Jackson vs. Shipp will be the marquee match-up of the night. Joe has his hands full for sure, though both players play at the same foot speed, and like the same amount of contact. The key for Shipp is to not give up, even when Jackson makes the tough ones. Both Shipp & Jackson are inside-out threats, but can score on curls near the basket too. Amit Tamir might be guarded on the other end by Jackson though, as he was from time to time last year. Again, we'll see Ridnour against Midgley, and Wethers on James Davis. I have a feeling that we might see more of Andre Joseph since Wethers elevates so well. 

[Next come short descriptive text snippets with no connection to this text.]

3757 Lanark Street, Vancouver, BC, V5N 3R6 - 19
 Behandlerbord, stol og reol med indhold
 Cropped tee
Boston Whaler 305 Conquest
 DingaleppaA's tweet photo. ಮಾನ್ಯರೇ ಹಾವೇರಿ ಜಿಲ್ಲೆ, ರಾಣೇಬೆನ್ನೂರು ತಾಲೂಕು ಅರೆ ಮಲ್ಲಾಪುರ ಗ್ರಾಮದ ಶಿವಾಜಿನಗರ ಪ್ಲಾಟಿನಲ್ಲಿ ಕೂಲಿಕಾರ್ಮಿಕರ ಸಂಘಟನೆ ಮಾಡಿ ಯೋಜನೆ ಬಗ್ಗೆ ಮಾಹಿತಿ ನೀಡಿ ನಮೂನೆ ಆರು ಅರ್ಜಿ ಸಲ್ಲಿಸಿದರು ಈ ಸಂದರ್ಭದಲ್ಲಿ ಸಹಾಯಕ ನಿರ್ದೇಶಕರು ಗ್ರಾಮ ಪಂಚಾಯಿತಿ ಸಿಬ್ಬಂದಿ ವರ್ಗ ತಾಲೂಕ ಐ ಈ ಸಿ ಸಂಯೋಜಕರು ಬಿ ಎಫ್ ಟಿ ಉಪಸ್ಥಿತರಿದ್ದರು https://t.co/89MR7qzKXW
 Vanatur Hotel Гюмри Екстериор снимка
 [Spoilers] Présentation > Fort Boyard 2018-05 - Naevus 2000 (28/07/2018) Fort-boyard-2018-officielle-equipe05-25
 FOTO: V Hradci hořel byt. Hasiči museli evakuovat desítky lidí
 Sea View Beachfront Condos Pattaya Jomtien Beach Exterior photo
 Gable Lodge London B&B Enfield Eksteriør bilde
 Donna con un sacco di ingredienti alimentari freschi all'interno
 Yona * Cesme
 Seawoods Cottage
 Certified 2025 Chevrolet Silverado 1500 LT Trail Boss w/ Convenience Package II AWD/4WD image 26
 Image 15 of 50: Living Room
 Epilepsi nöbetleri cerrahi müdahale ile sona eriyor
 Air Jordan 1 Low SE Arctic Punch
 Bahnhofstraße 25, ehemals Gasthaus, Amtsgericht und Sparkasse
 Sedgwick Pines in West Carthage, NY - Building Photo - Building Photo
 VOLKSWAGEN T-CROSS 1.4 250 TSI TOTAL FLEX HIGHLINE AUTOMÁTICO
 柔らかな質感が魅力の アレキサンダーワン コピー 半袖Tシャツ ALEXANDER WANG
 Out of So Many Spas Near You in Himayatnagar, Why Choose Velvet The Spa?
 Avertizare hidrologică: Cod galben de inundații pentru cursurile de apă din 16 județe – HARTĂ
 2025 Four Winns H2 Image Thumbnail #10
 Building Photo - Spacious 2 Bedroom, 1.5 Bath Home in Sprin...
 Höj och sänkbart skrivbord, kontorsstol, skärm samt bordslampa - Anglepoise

If the Bears keep the score in the 80's, they should win. If it hits the 90's, their chances go way down. I have no doubt that the Bears will play with energy, emotion, and excitement…and I believe they will win this game. My take is that Oregon will play harder on the offensive end then they will on the defensive end, and that will play right into the Bears hands. We could see a number of runs by both teams, but I have to believe that the Bears will play better defense. There is certainly a ton of incentive for Cal, and I think the Bears have to be confident they can beat the Ducks having split with them last year. I have had this two-game stretch (Stanford at Haas, followed by Oregon at Haas) marked as the two biggest games of the year since I saw the schedule, and I believe the Bears will step it up again. As I said in my Stanford preview, Cal has been waiting all year for the Pac-10 schedule to start. Any Pac-10 team looking to make the tournament has to win their home games. 

I'll go ahead an predict that the player of the game will again be Brian Wethers, though I know I should take Amit Tamir. Richard Midgley should play extremely well and hold his own against Luke Ridnour. I believe Cal is peaking, and I'll draw the final score at 84-78 Cal. I am 9-1 on the year in Predictions.